Plutarco escribe en ‘Vidas paralelas’ que Arquímedes afirmó que con una fuerza, a modo de palanca, podía mover cualquier peso: dadme un punto de apoyo y moveré la Tierra, cuentan que decía.

Este punto de apoyo ya lo tenemos y disponemos de él: se llama energía que, en griego, significaba fuerza actuante. Cualquier cosa puede ser transformada en otra si se dispone de la suficiente energía. Es lo que hacen, por ejemplo, las plantas, que captan CO2 y lo transforman en hidratos de carbono, grasas, proteínas, etcétera, gracias a la energía del sol. Y de las plantas dependemos los animales cuyas células tienen pequeñas centrales térmicas (las mitocondrias) que obtienen la energía en forma de ATP para la transformación de sustancias, movimiento, cognición, homeotermia, etcétera.

Ahora se está poniendo la energía a un precio elevado; y con ella, la posibilidad de transformación, por el aumento de los costes. Hay plantas industriales que están parando por la carestía. Queremos una energía verde, que no emita CO2: nadie se opone a esa posibilidad siempre y cuando pueda ser compensada. Pero no lo es de momento; y éste es el problema. La energía obtenida por métodos no emisores de CO2 -las renovables- no es constante, no se puede articular adecuadamente porque no siempre hace viento (aerogeneradores) o sol (la fotovoltaica: por la noche, es evidente que no puede funcionar). Además, o se almacena o se disipa. Y el almacenaje es complicado y caro. Ahora se está probando la conversión del exceso de renovables en hidrógeno; pero es un elemento muy ligero y además explosivo en contacto con el oxígeno, con el que puede combinarse para obtener calor y agua como residuo. Nuevamente, nos encontramos con un hito que la tecnología está intentando lograr.

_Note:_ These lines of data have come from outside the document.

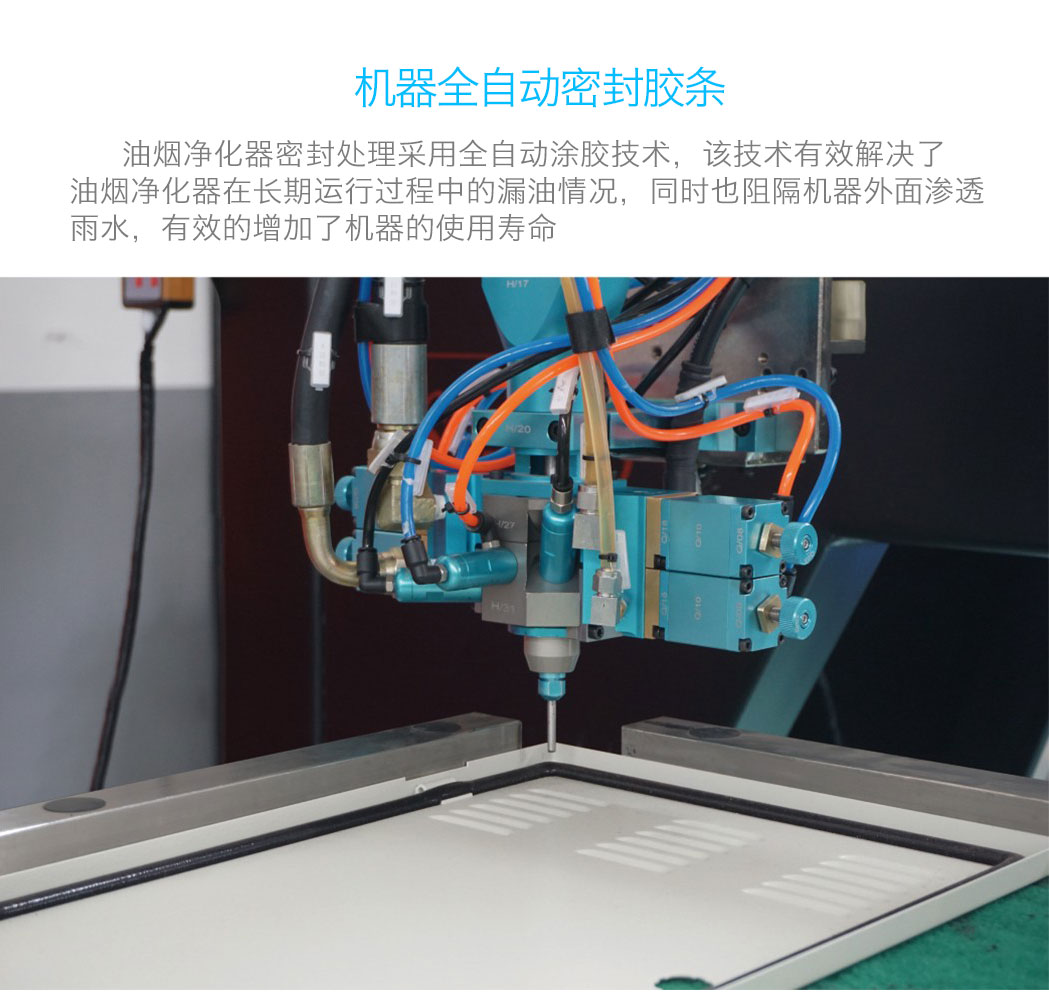 智藍(lán)型ZL型原文件_21.jpg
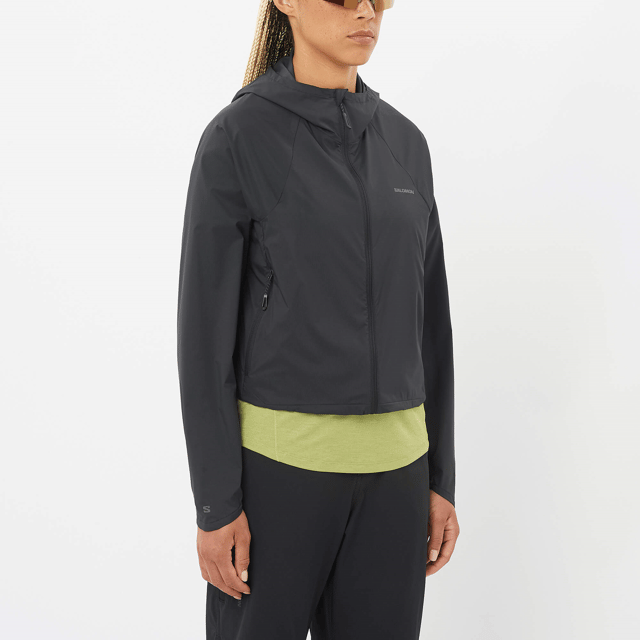 LC2762000-OUTWIND FZ JKT W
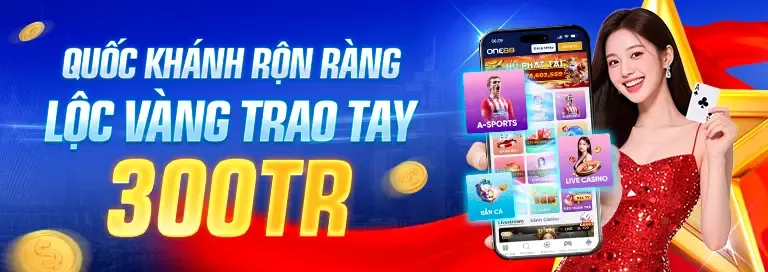 Người chiến thắng Jackpot loto66 Nổ Hũ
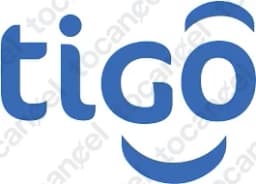 Tigo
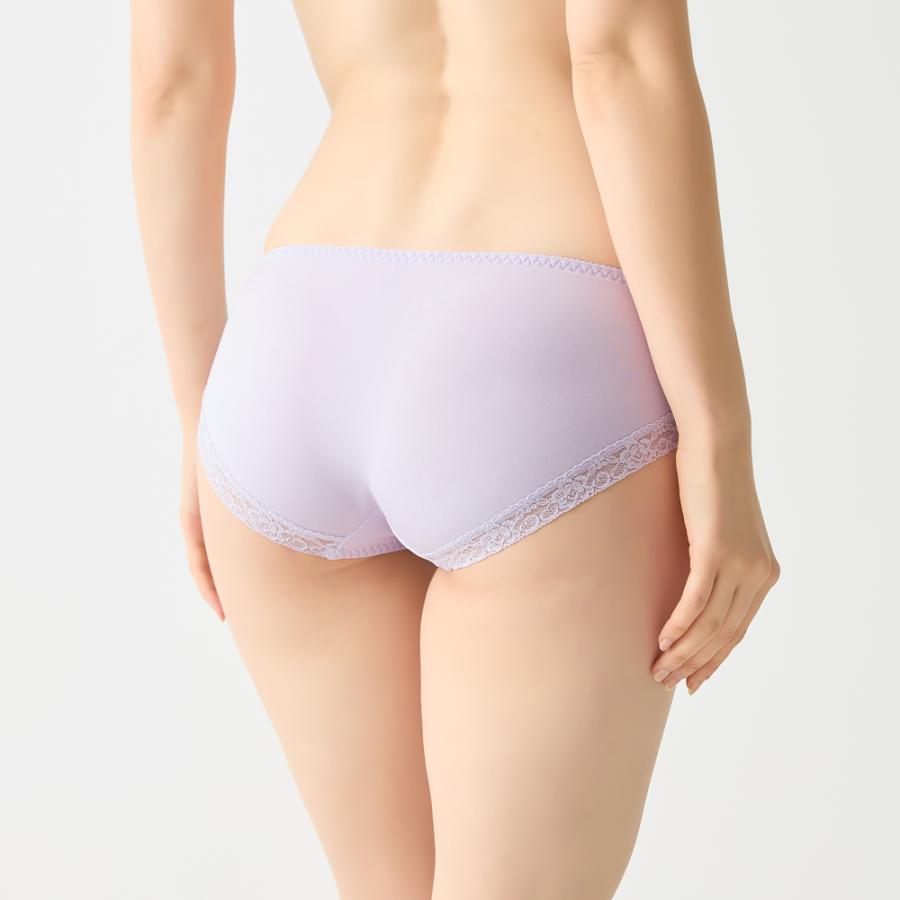 toujours トゥジュー ハーフパンツ　レース ジャーナルスタンダード toujours トゥジュー ハーフパンツ レース ジャーナルスタンダード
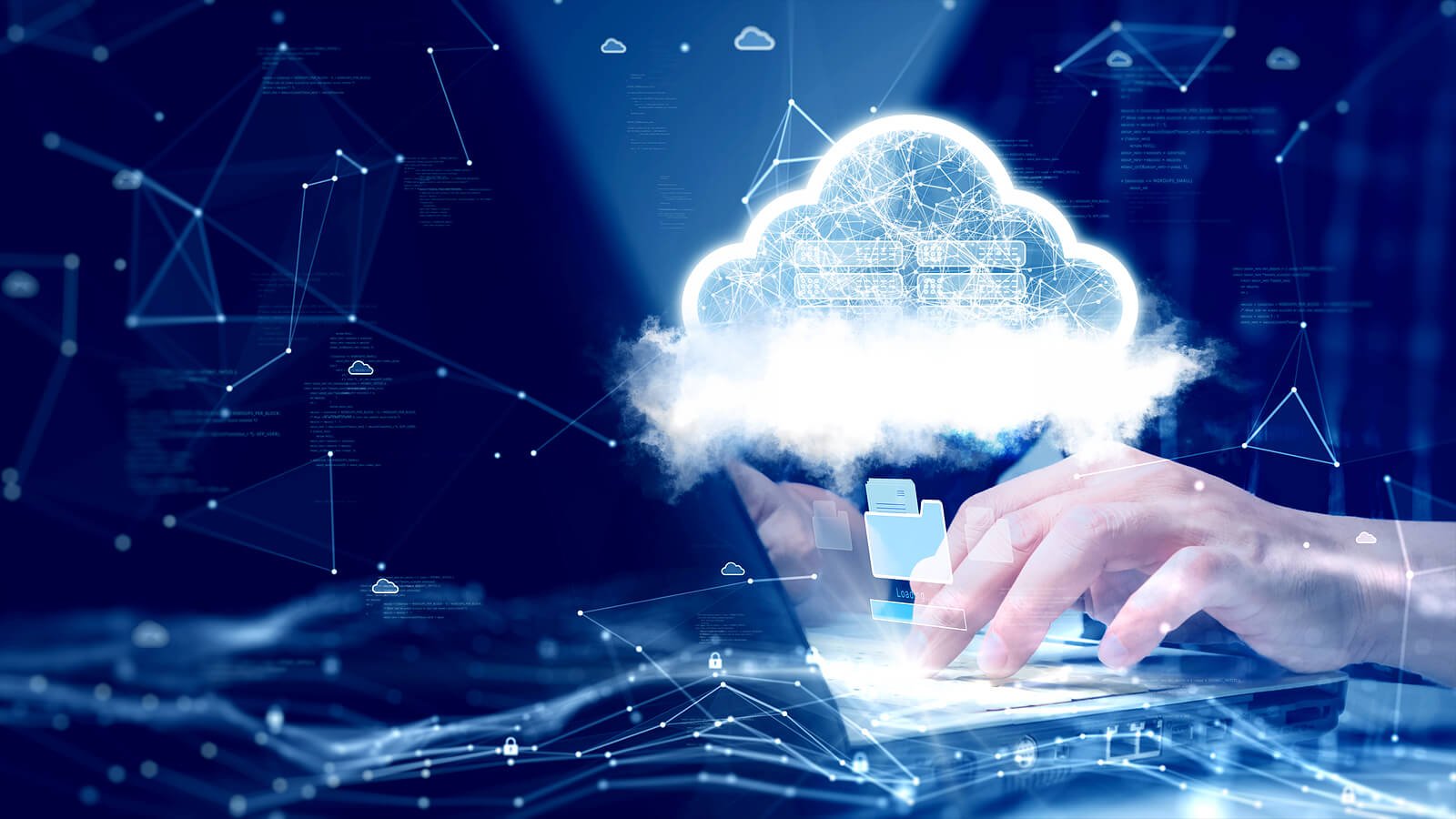 You are currently viewing How Cloud Migration Services Dubai Enable Scalability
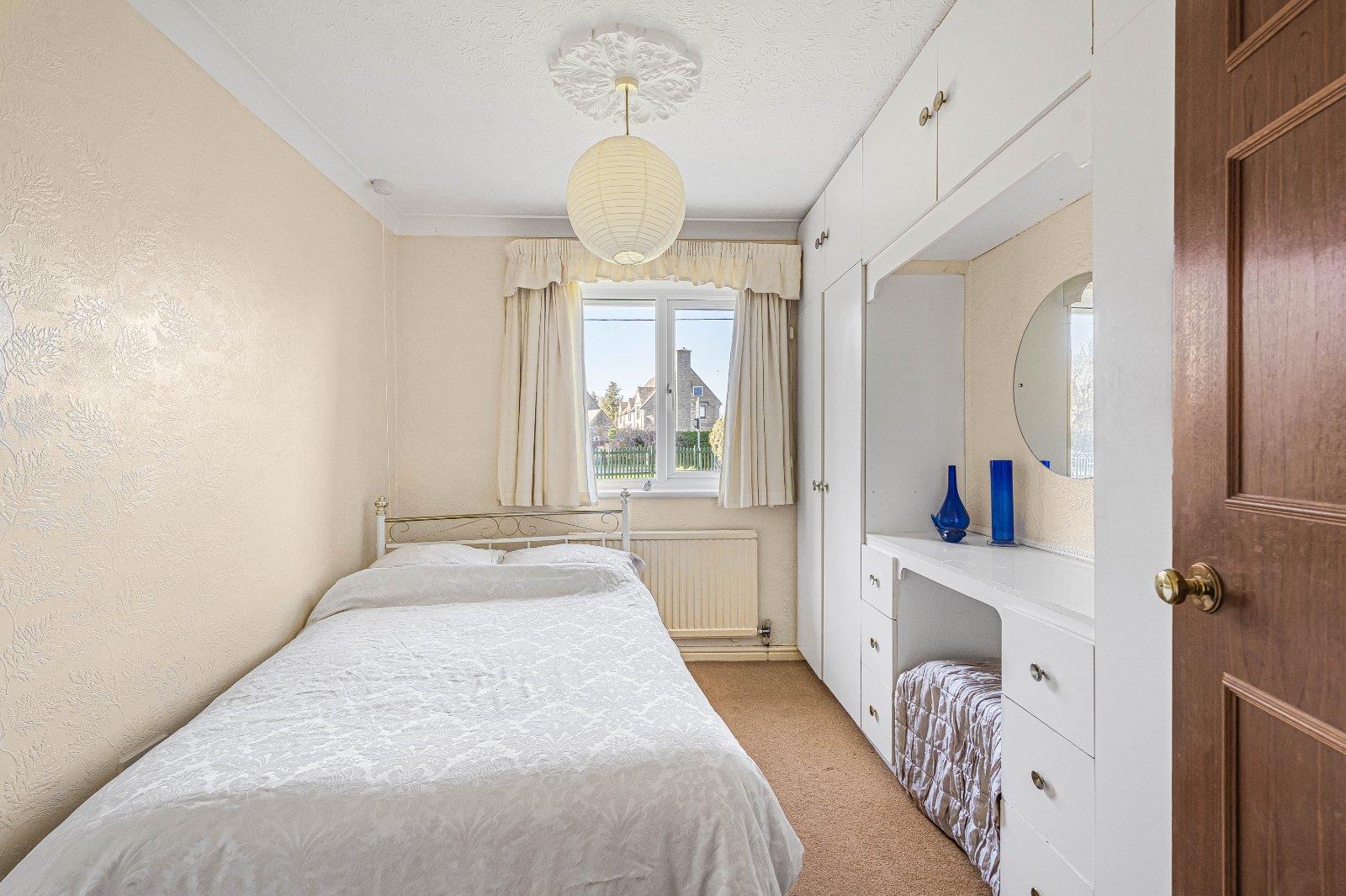 Property Image da08ec33-b847-4dec-9c36-ff0fc0ca4ae1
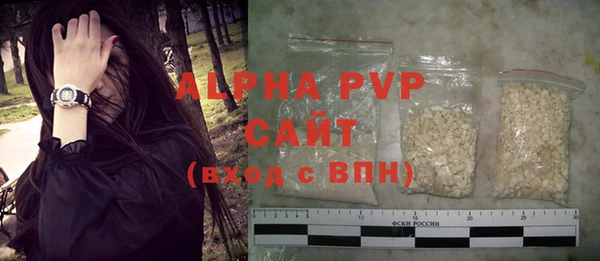 хмурый Карпинск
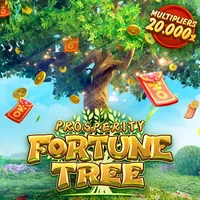 Poker Trực Tuyến xocdia88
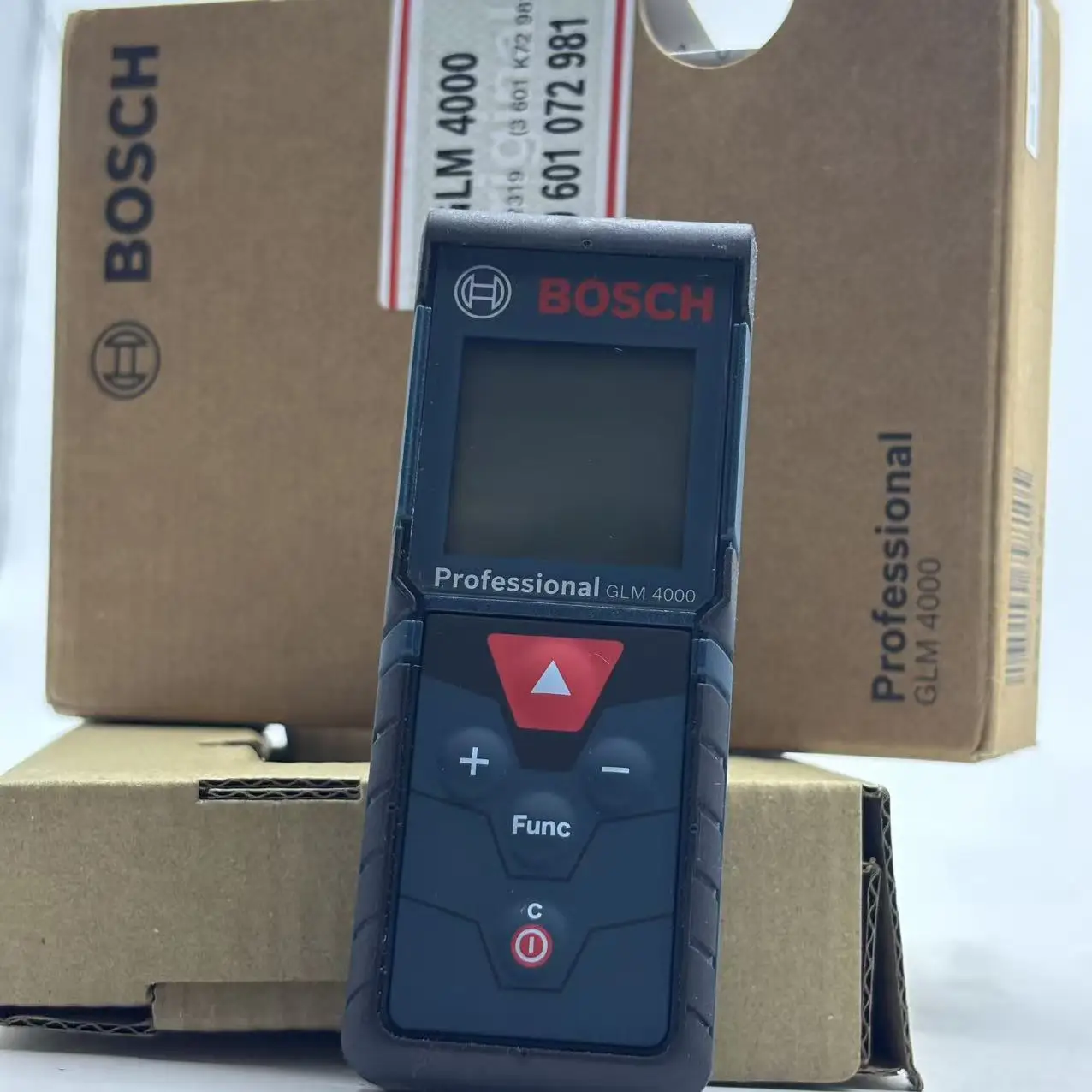 BOSCH GLM 4000 Laser Range Fin - Laser Marking Machine review and price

Nos ha pillado el toro por el encarecimiento del gas y de los combustibles fósiles, y del canon de la emisión de CO2. Y me da la impresión de que algo también tiene que ver con la imprevisión. La solución no es sencilla y nos vemos cizallados entre las pinzas de un desiderátum -energía verde- y de energía barata: imposible en estos momentos.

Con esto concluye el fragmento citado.